Just blowing smoke or essential pronunciation practice ritual?

(Caveat Emptor: If you as an instructor have serious issues with even reading a model piece from an outfit that provides custom essays for college students for a fee, you may want to avoid the link above! If you have never seen one of these "rhetorical pirates" in action, you may enjoy just checking out the sell, regardless. )
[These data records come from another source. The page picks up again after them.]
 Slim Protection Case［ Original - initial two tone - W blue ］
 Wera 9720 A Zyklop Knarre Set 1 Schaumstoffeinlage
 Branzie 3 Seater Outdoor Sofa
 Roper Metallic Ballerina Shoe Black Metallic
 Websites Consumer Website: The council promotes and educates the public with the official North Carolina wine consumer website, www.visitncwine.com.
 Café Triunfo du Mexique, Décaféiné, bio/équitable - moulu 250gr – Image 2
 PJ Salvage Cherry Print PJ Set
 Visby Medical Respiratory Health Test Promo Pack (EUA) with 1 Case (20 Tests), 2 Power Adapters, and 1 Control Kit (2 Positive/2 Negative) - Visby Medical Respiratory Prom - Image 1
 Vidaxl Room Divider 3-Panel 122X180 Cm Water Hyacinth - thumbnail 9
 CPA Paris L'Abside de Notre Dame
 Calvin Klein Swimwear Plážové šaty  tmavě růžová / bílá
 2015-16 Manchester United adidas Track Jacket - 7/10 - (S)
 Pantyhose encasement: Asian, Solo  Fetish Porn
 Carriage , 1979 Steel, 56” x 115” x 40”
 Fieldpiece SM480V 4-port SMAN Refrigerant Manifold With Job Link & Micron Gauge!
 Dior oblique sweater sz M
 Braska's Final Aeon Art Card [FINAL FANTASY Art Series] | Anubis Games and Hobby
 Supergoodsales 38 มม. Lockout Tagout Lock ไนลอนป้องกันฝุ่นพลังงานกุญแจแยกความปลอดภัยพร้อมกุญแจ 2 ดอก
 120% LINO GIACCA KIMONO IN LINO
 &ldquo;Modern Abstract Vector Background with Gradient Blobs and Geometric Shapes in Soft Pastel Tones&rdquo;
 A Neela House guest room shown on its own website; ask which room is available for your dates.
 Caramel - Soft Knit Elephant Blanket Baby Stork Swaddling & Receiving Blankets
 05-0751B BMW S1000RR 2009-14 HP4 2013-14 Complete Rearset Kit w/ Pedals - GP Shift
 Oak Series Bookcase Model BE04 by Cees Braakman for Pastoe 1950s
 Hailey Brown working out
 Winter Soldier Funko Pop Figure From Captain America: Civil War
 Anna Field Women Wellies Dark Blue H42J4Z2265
I stumbled onto this stock, freshman English-level essay on "Sacred Pipe Ritual" some time ago on the "Dreamessays.com" site. There are many like it out there. This particular essay does list the  "standard" set of ritual parameters of the pipe ceremony seen in many cultures world wide. What it highlights for us is the structure and functions of ritual in general. As noted in earlier posts, the EHIEP system is, on the one hand, highly ritualistic, using haptic video to lead learners (in the complete system) through around 30, 20-30 minute, fixed routines--8 done in class, 24 done as homework. Within the routines are a number of functions, from general learning readiness to anchoring of the essential sounds and sound patterns of English. Those functions are then readied to be carried over into the classroom or personal practice. Note the parallels between the "pipe" ritual elements and what has been described in earlier posts as the key elements of HICP work:

  • The pipe becomes the sole focus or center of attention, representing the center of the cosmos. (That may be stretching the analogy a bit!)
  • The design on the pipe bowl often resembles the trachea.
  • The gestures in the ritual are predominately pointing, either in the four directions or toward participants.
  • The two parts of the pipe, bowl and stem are ritually joined together, creating strong symbolism, especially of connection to nature and potency. (The parallel there to haptic events is striking--and worth a later post!)
  • The symbolism of the four directions has many manifestations, but, in essence, East relates to birth; West, to death; South to earth (or female/mother); North, to the sun (or male). From the several earlier posts on the phonaesthetics of the visual field and placement of sound patterns within them, the convergence is striking--assuming that the vowel matrix is positioned so that front vowels are to the right, versus the standard IPA left to right orientation.
  • Finally, the physical presence of the smoke can take on any number of symbolic functions in unifying the experience for the participants. (There is a great deal of smoke and mirrors in the field today!)
Going back to the previous post. Once you have articulated your approach to pronunciation systematically, examine the ritual inherent in it and how that should relate to integration into spontaneous speech. That is where we are headed today with the accessibility of virtual technology. Put that in your pipe and smoke it!